Tonight's concert begins with the first of Bach's Brandenburg Concertos. In the spring of 1721, Bach was contemplating changing jobs and, after a chance meeting with the Margrave of Brandenburg, Bach sent him a set of six concertos that he had already written - possibly as a kind of audition. The Margrave appears to have completely ignored the gift and the set were discarded in his library until his death in 1734. They were found in the Brandenburg archives during the 19th century. Brandenburg Concerto No. 1, which we will hear tonight, is the only one with four movements, and prominently features the horns and oboes.
The Sonata in A major for Violin and Piano by César Franck is one of his best known compositions, and one of the finest sonatas for violin and piano ever written. It was written in 1886, when Franck was 63, as a wedding present for the violinist Eugène Ysaÿe. Franck presented the work on the morning of the wedding. After a hurried rehearsal, Ysaÿe and his pianist played the Sonata to the assembled guests. Ysaÿe kept the Violin Sonata in his repertoire for the next 40 years of his life, and his championing of the Sonata contributed to the public recognition of Franck as a major composer.
The most significant and internationally best-known Finnish composer before Sibelius was Bernhard Henrik Crusell (1775-1838), who rose to a prominent position in the Swedish music world. Crusell was employed for 40 years as principal clarinet with the Royal Court Orchestra and eventually attained fame as a renowned clarinet virtuoso, and went to Germany three times to study and perform; on the second occasion, his trips extended as far as Paris. Tonight we hear his Clarinet Concerto No.2 in F minor Opus 5.

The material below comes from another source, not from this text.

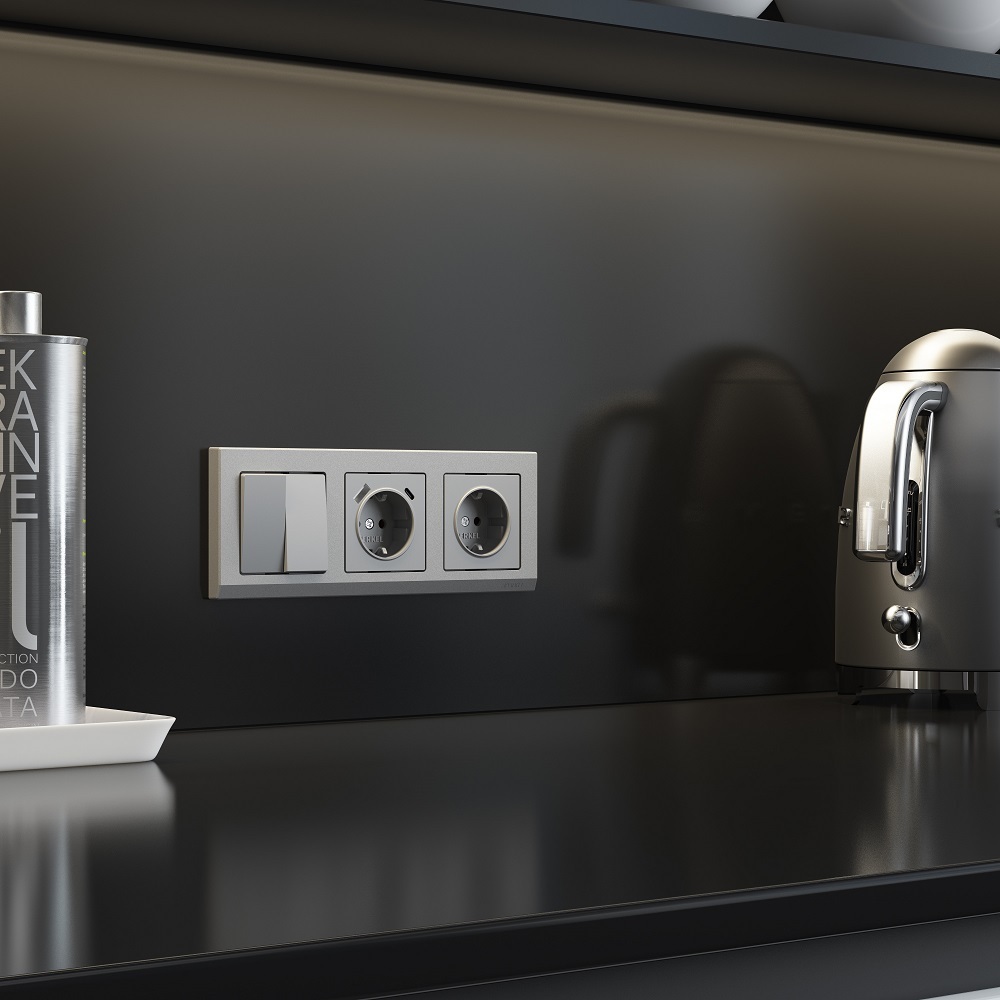 Розетка Werkel встраиваемая серебряная матовая (a063612)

A year after the triumphant premiere of Max Bruch's first Violin Concerto in 1867, the composer produced his First Symphony. Bruch dedicated it to Brahms who received it with ‘vivid joy and heartfelt thanks’. One of the best known symphonies of the period, Bruch's first shows the influence of Schubert and Mendelssohn and is scored for the conventional symphony orchestra of the time, but with the emphasis on the horns, woodwinds and strings, the heavier brass and timpani being reserved for climaxes.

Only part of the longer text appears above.